Manitoba floods farms to avoid "catastrophic" breach


Opening the dike will, over days, flood at least 225 square kilometers (55,600 acres) as well as 150 homes while taking the pressure off strained dikes.
The release will be initially "very gradual," a government spokesperson said, and is intended to fill fields and ditches behind roads with little wider damage.
Levels on the Assiniboine, which flows eastward out of Saskatchewan into Manitoba, are the highest on record.
About 1,500 Canadian soldiers arrived early in the week to fortify dikes and Manitoba also hastily expanded an engineered channel that diverts water off the Assiniboine into Lake Manitoba to prevent widespread flooding caused by heavy winter snowfall and spring rains.
Despite those efforts, the province has said it must ease pressure on the strained dikes with a controlled release of floodwaters that are flowing from rivers in Saskatchewan and the northern United States.
U.S. authorities fighting a swollen Mississippi River will start opening a key spillway later on Saturday, potentially flooding homes and crops to avoid flooding Louisiana's two largest cities.
Across Manitoba, 3,300 people have left their homes because of the threat of flooding, including 1,400 in Brandon, the province's second-largest city.
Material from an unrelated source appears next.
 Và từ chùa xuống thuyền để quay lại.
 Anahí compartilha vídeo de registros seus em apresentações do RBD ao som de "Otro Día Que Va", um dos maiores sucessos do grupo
About 100 homes are flooded, mostly on Indian reserves.
Residents in the area that will be flooded east of Portage la Prairie, Manitoba, shored up flood defenses this week as provincial officials repeatedly delayed the dike breach to give them more time.
It wasn't enough, said Doug Connery, whose family runs a large vegetable farm in the area.
"It all depends now on how fast this (water) is going to move," he said. "There's stuff out there that wasn't protected last night."
Manitoba Premier Greg Selinger made a rare televised address on Friday evening, promising extra compensation to property owners in the path of the deliberate flood.
"If we stood back and allowed nature to take its course, we would face an almost certain uncontrolled break of the dike," said Selinger, who faces an election this autumn. "This is a constant threat -- an uncontrolled break would be catastrophic and unpredictable."
Manitoba officials have aimed to pump about one-third more water than design capacity through the Portage Diversion, out of the Assiniboine and into Lake Manitoba. While that has taken some strain off dikes, it has added to flooding in a key cattle-producing region.
Farmers have moved thousands of cattle to higher ground and worry they might not be able to feed them this year.